"Exactly. In some way--I don't exactly know how--that eye reveals the whereabouts of the fortune I speak of."
"Humph. Do you mean to say that Mrs. Caldershaw concealed her money and concealed its whereabouts in her glass eye?"
"Yes, I do, in a way. That is, this fortune does not consist of my aunt's savings. I have those and the shop also. But when she lived at Burwain, she talked of a large fortune--some fifty thousand pounds, she mentioned on one occasion--which was concealed somewhere."
"Whose fortune was it?"
"I can't say. But my father, her brother--he's dead now--was always bothering her about the money. She never would tell him anything, but said that when she died he could learn all he wanted to know from the glass eye. As my father has passed over, of course the glass eye along with the money comes to me,--the fortune also. Fifty thousand pounds!" He raised his arms with an ecstatic expression. "What couldn't I do with such a heap of coin, Mr. Vance. Why I could marry----" He halted, cast an uneasy look on me, and again began to sort the letters.

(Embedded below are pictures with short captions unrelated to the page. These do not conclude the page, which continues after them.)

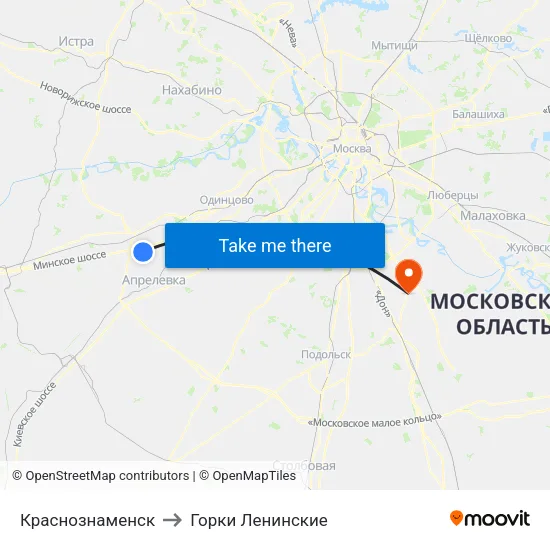 Краснознаменск to Горки Ленинские map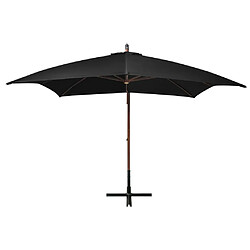 vidaXL Parasol de jardin suspendu avec mât noir bois de sapin massif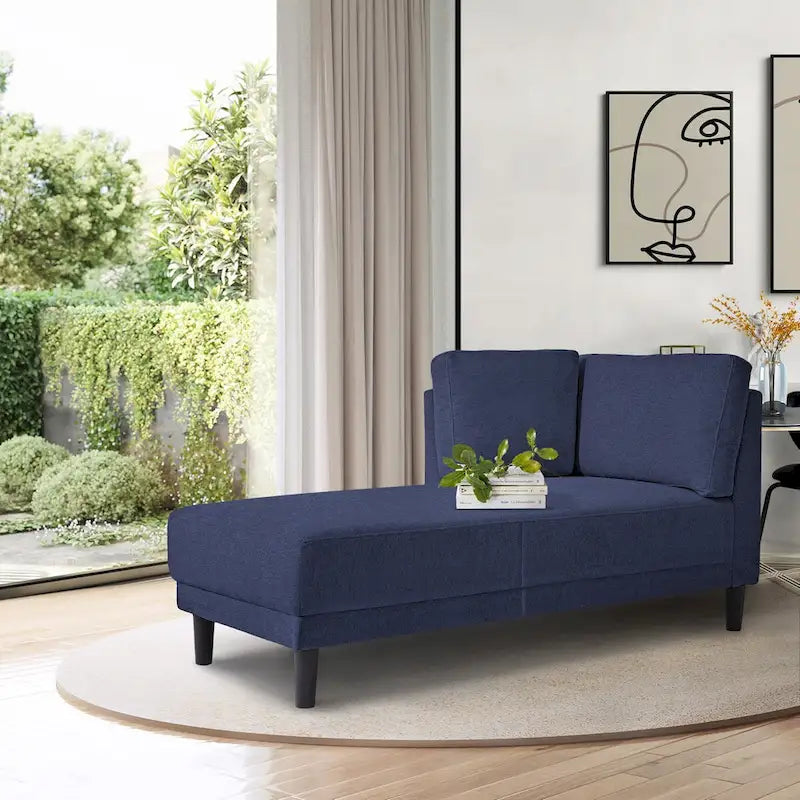 65 Linen Fabric Corner Sofa, Upholstered Indoor Chaise Lounge, Sleeper Sofa, Solid Wood Sofa Bed for Bedroom Living Room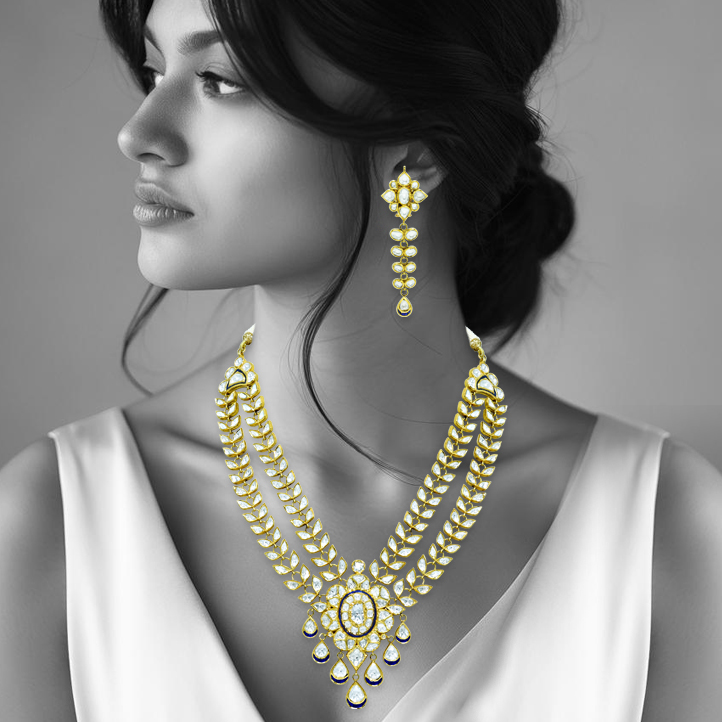 Gold Polki Necklace with Twin Petal Lines and Floral Center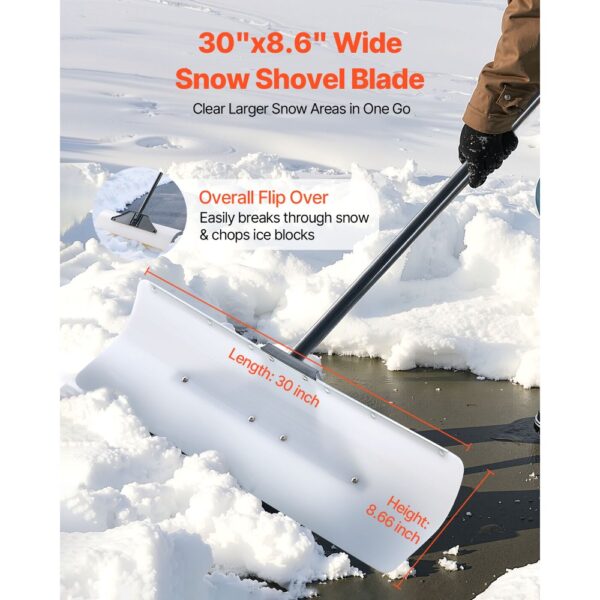 VEVOR Schneeschaufel, 76 cm Schneeschieber mit ergonomischem Griff, Klinge aus HDPE-Kunststoff – Bild 2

"Oh, you're in love," I said smiling.
"A man of my age is always in love," he remarked curtly. "But never mind about that, I want to find some clue to the glass eye," and he tossed over the papers feverishly.
"To its whereabouts?"
"No, I know that much. The person who murdered my aunt has the eye, and killed her for the sake of learning the secret. But my aunt may have left some letter, or paper, or description, saying how the eye can reveal the whereabouts of the fifty thousand pounds. Can you imagine," he sat back on his hams, "how the eye can be the clue?"
"No," I said, after a pause, "unless there is a piece of paper hidden in it."